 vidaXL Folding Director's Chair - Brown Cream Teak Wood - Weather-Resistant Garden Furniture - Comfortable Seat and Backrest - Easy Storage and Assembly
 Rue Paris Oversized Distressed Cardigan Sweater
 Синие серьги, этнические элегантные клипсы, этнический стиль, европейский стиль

● **What is expected**:
Print, exactly as they appear above, the lines running from the one with "Rue Paris Oversized" through the final line.

● **Output for this exercise**:
 Rue Paris Oversized Distressed Cardigan Sweater
 Синие серьги, этнические элегантные клипсы, этнический стиль, европейский стиль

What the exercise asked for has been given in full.